See more: EU Agreement on Crypto Regulation Limits Stablecoins, Leaves Out NFTs and DeFi

They play a big role in U.S. legislation currently underway to build a regulatory framework for cryptocurrencies. And many other countries, notably India, have effectively banned them outright by making it illegal to use cryptocurrencies for payments.

Read here: Senate Crypto Bill Debuts, and Crypto Industry Gets Big Wins

Also, stablecoins have started making their way into the broader public’s mind as a payments tool, with their use in crypto payments growing to as much as 15% of its volume, according to cryptocurrency payments technology firm BitPay.

See this: Bitcoin’s Future as a Payments Tool Is Bright, Says BitPay CEO

Another sign of this is the spike in stablecoin purchases recorded this weekend in Argentina, when a political battle sent the already inflation-damaged peso even lower.

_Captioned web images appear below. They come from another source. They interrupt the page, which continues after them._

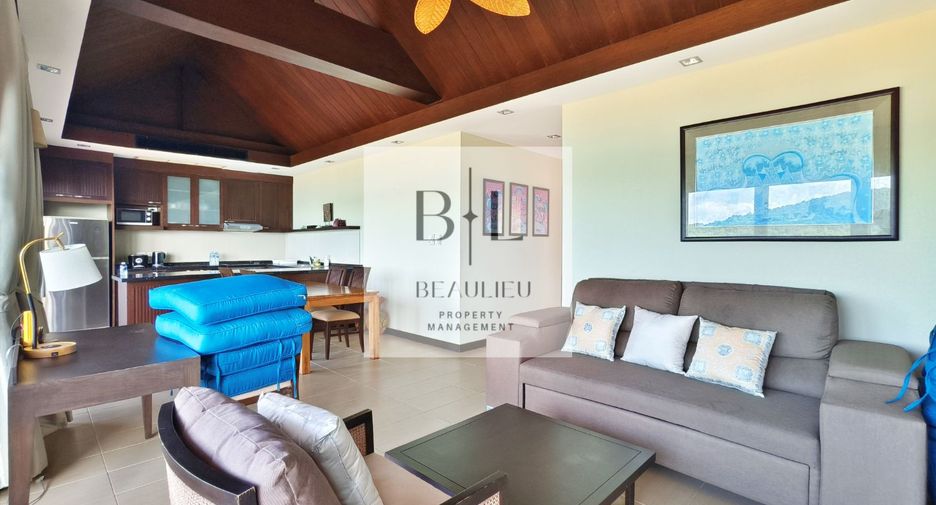 For sale 2 bedrooms condo in Ko Chang, Trat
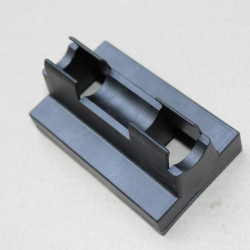 Suport furca suspensie cu ax 20mm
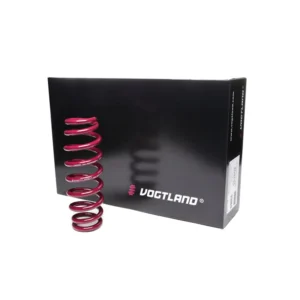 Vogtland lowering springs for BMW G20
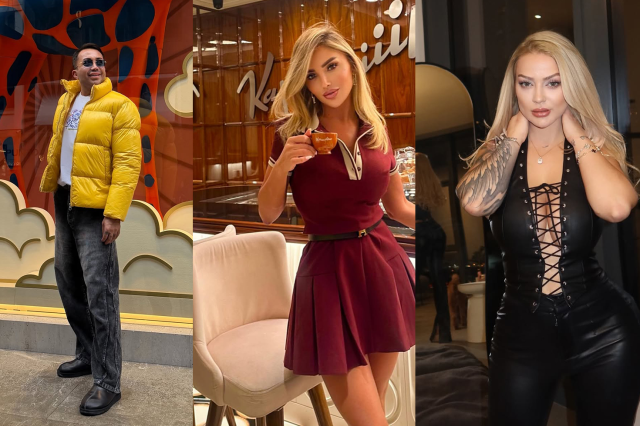 Barış Barışma - İmren Öztürk- Sevcan Güler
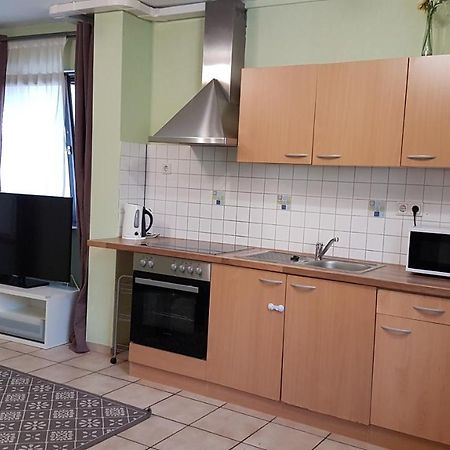 Flats-4U - Cosy, Quite & Clean Apartments In The City Bonn Exteriör bild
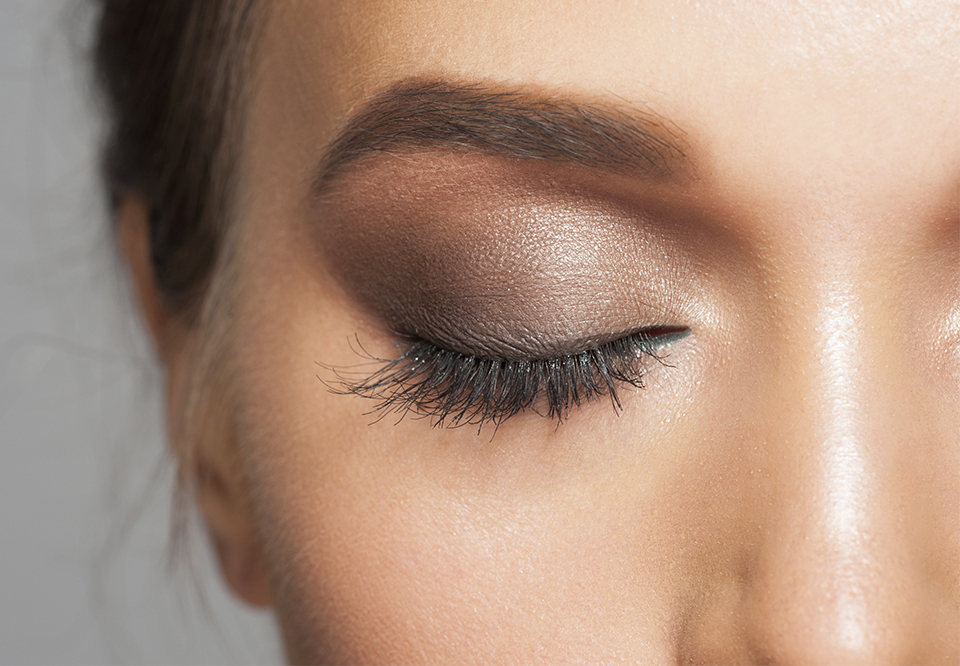 Makeup til din øjenfarve | Se, der til | Woman.dk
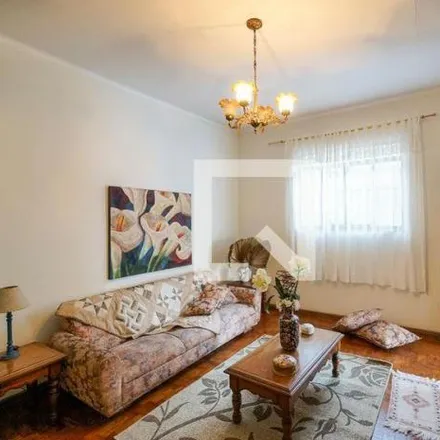 Buy this 3 bed house on Rua Aguapeí 715 in Vila Gomes Cardim, São Paulo - SP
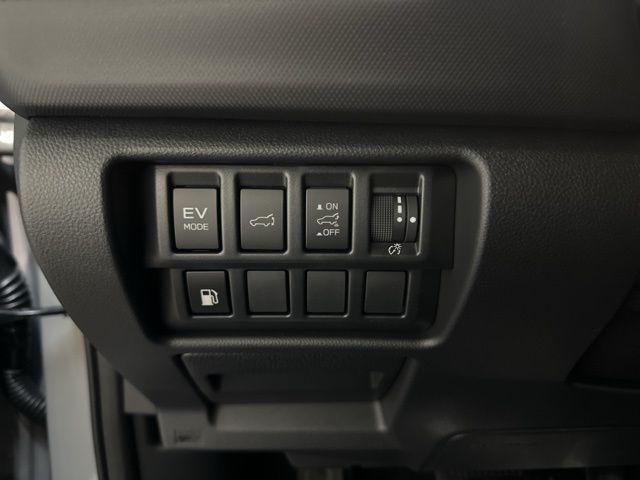 new 2025 Subaru Forester Hybrid car, priced at $46,957
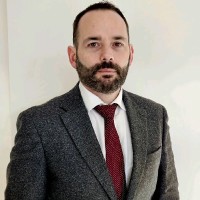 Rob Wilkinson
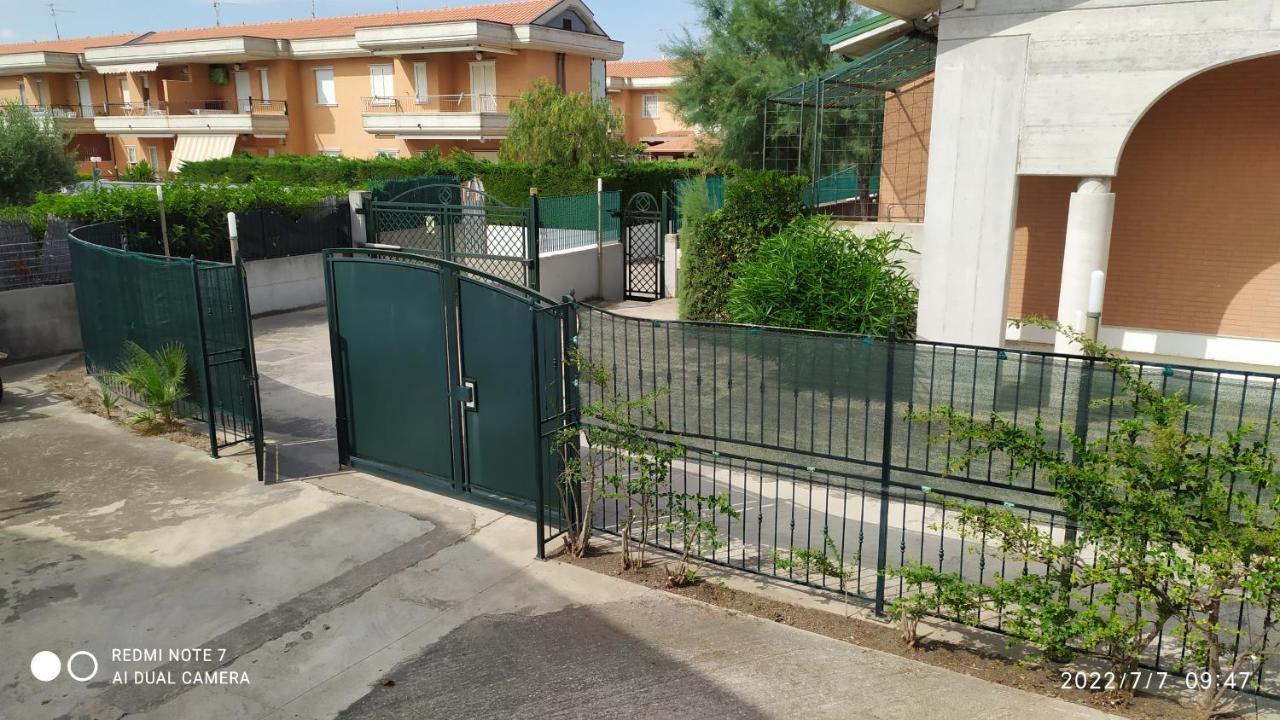 Camera Felice Campomarino  Exterior foto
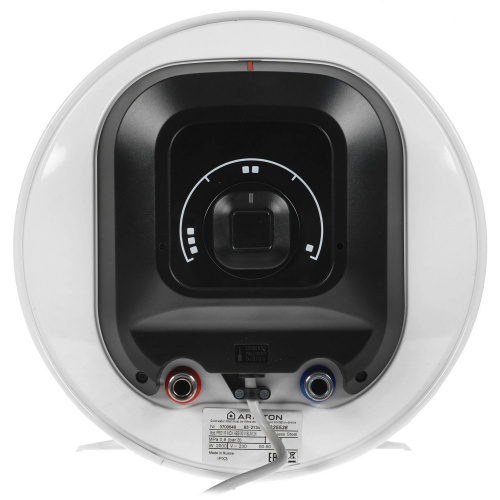 Водонагреватель ARISTON Pro1 R Inox ABS 30 V Slim 2K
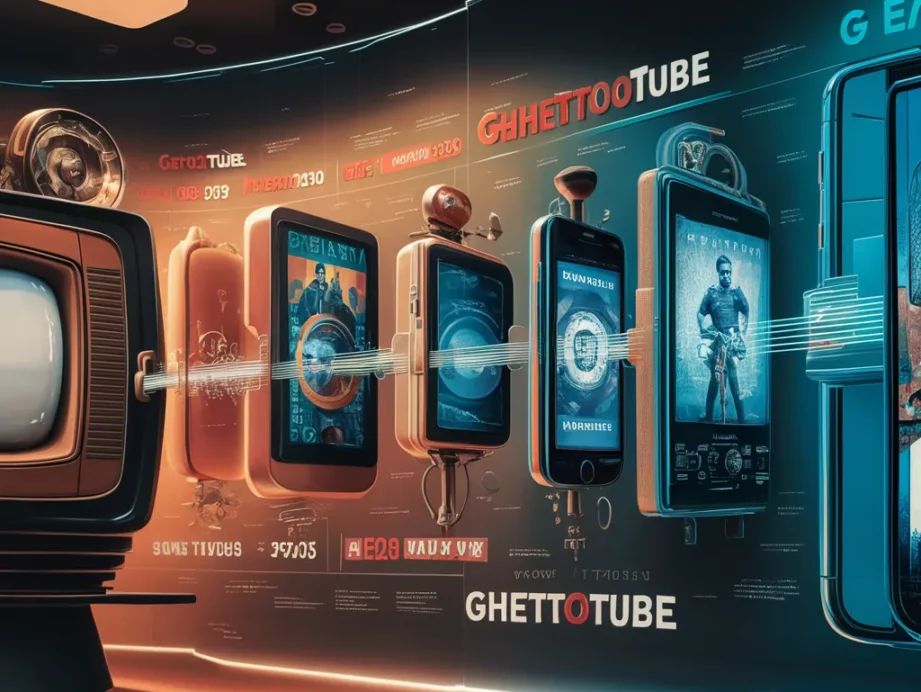 Ghettotube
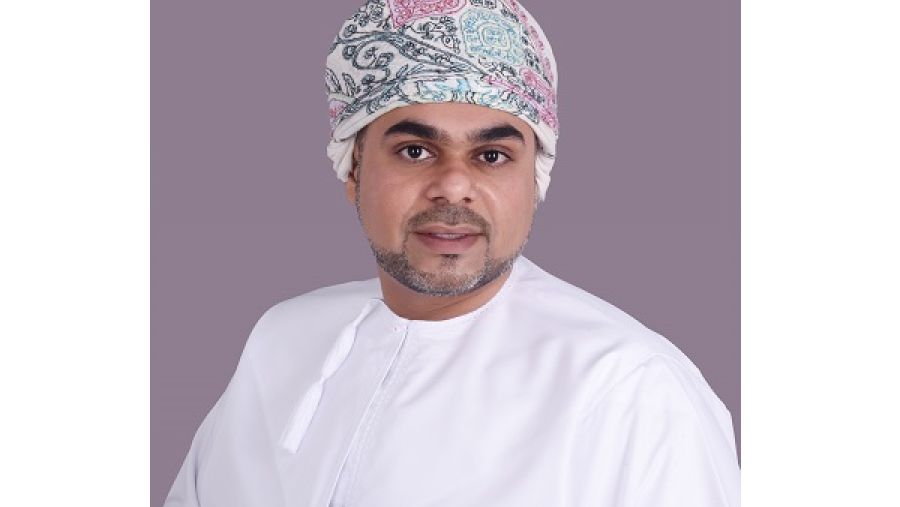وحيد آل حميد، مدير المبيعات في سلطنة عُمان لدى سيسكو الشرق الأوسط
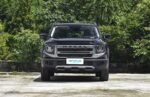 Haval Dargo - For Sale From China | Chinese Cars in Angola
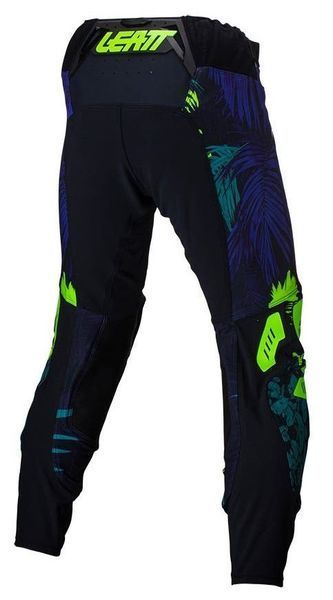 Штани LEATT Pant Moto 5.5 I.K.S [Jungle], 34 5024080273 фото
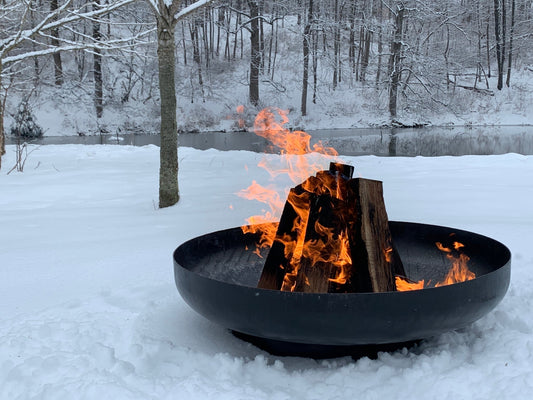 Fire Bowl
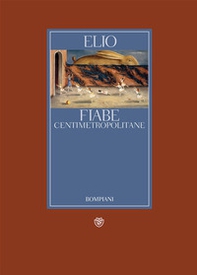 Fiabe centimetropolitane - Librerie.coop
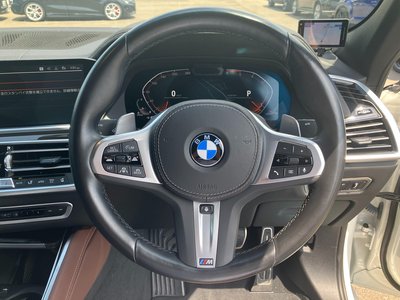 صورة مصغرة 26 لـ 2023 BMW X6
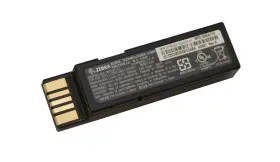 Btry-36iab0e-00 Zebra 3.6v Rechargeable Battery #2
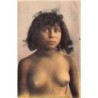 Rare collectable postcards of ETHNIC NUDE. Vintage Postcards of ETHNIC NUDE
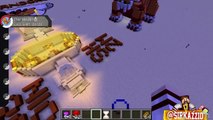 Minecraft: LUCKY PIXELMON - RAYQUAZA E LUGIA VS SUICUNE!! QUEM É MAIS FORTE?!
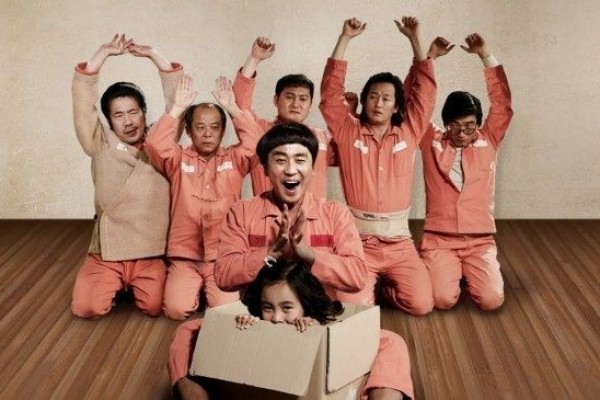 Diremake ke Indonesia, 10 Fakta Keren Film Korea Miracle in Cell No.7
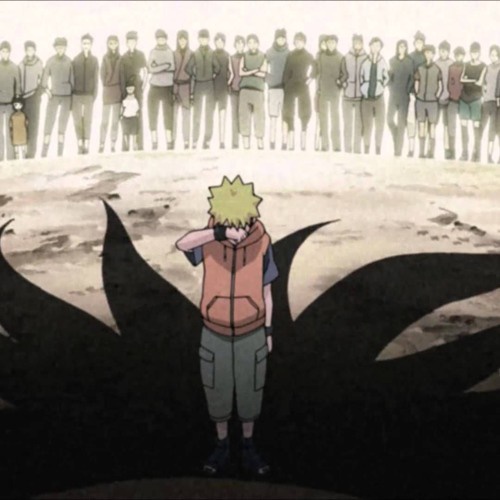 If Naruto was the one who went rogue, would Sakura or Sasuke even try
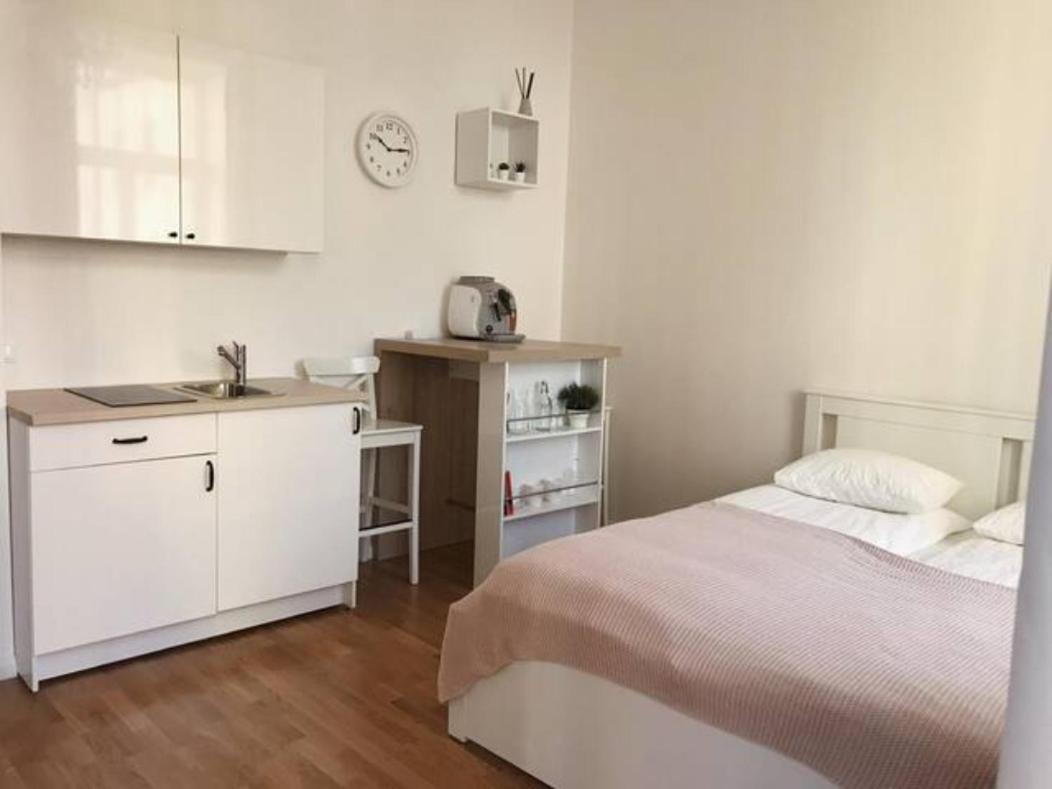 Favorite Apartment In The Center Of Prague 1 Dış mekan fotoğraf
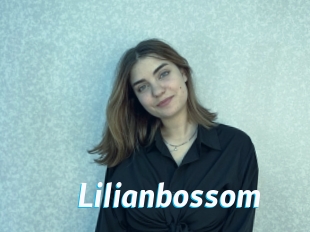 Lilianbossom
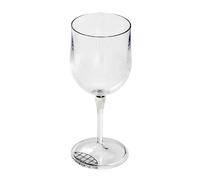 Isabella Buildaglass, Pack of 2, Collapsible Wine Glasses, Caravan Accessories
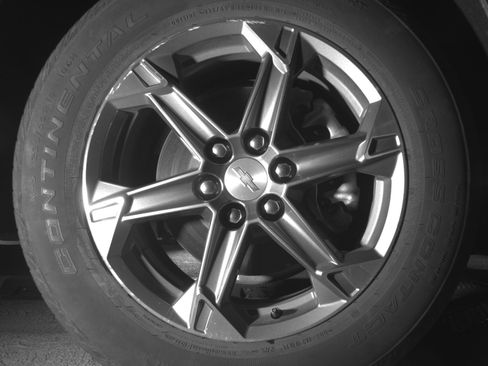 Used 2025 Chevrolet Blazer LT FWD image 13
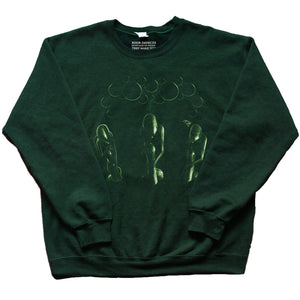 THINKER CREWNECK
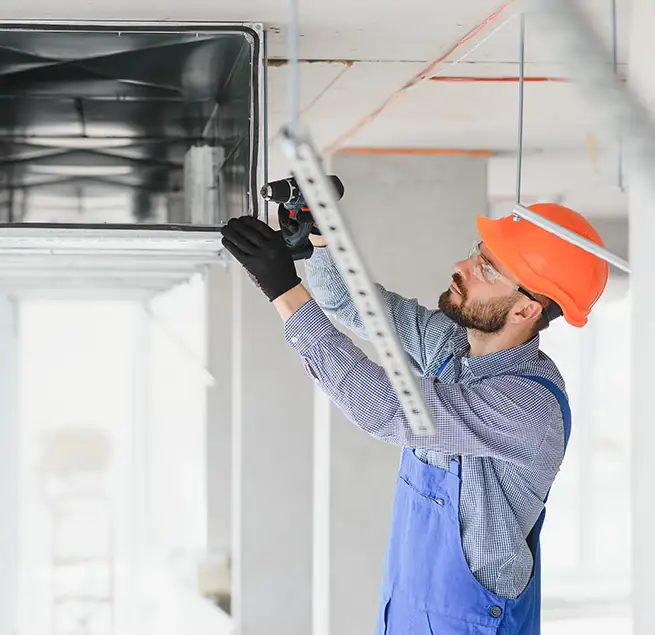 Why Homeowners Businesses Trust Us St. Petersburg, FL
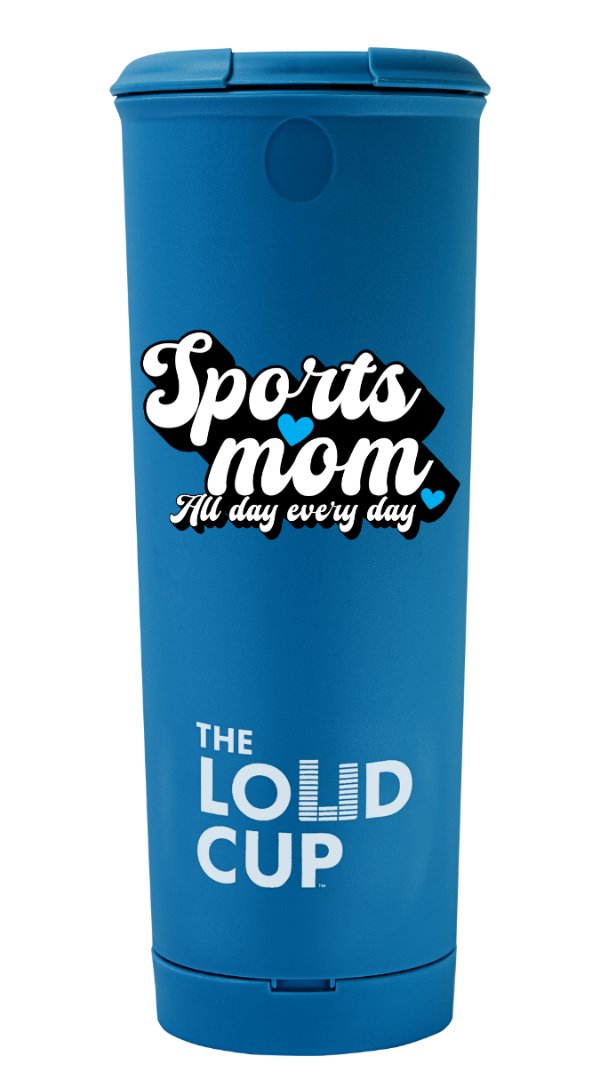 Sports Mom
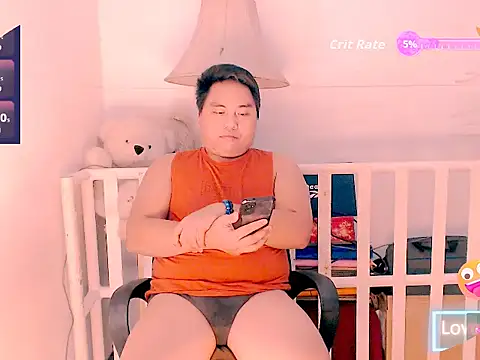Hardking_69 Show Webcam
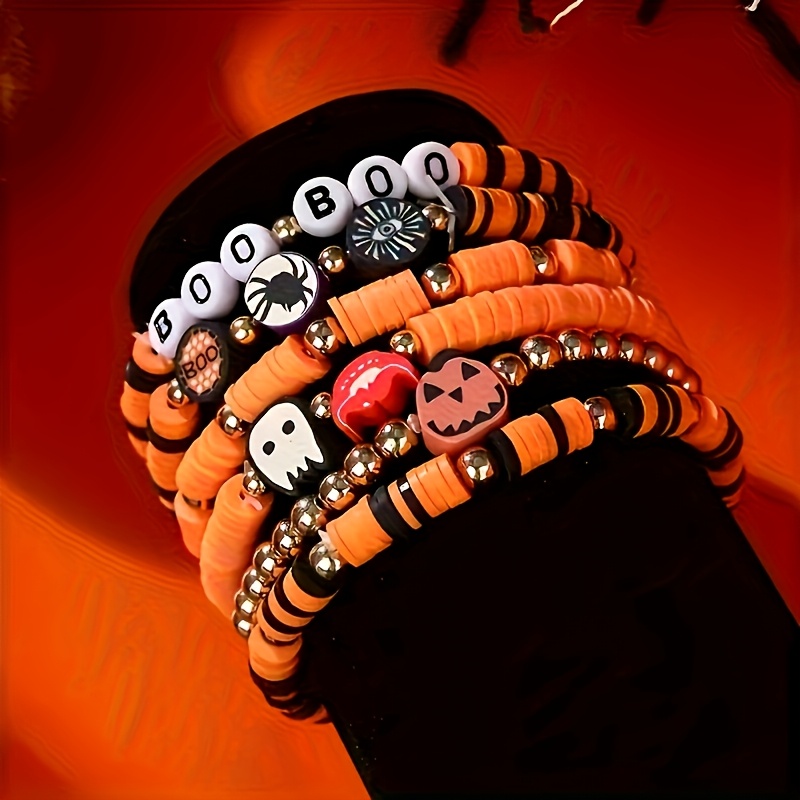 2700pcs， Halloween colored rou - Polymer Clay Set review and price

Big Ambitions, Big Opposition

Libra, later rebranded and scaled back to Diem, ran into an instant wall of rage, fear and threats by elected officials, central bankers and regulators around the world who saw the project as an imminent and existential threat to governments’ fiat currencies and control of their economies, particularly during crises.

Allowing a private company — particularly one as globally dominant and widely mistrusted as Facebook — to create a digital currency usable by anyone across any borders in real time would give it a power that the economic and political powers that be could not cede to even a well-regarded company, to say nothing of one with its privacy and regulatory failings. Concerns included protecting consumers, combatting money laundering and a variety of other security and financial risks.

A month after the Libra announcement, Sen. Sherrod Brown (D-Ohio) memorably said, “Like a toddler who has gotten his hands on a book of matches, Facebook has burned down the house over and over and called every arson a learning experience…It takes a breathtaking amount of arrogance to look at that track record and go, you know what we ought to try next? Let’s run our own bank and our own for-profit version of the Federal Reserve, and let’s do it for the whole world.”

Pitched as a group effort by 25 firms of which Facebook was merely one equal partner, allies quickly began jumping ship, led by payments giants including Mastercard, Visa and PayPal.

That the latter was first to abandon ship was a personal blow to former PayPal President David Marcus, who oversaw Novi and spearheaded the Libra project for Meta. Marcus departed Novi in December, announcing plans to build Lightspark, a startup focused on joining payments firms including Strike, Stripe and Cash App, among others, in using the faster, cheaper and more scalable bitcoin Layer 2 blockchain Lightning Network for payments.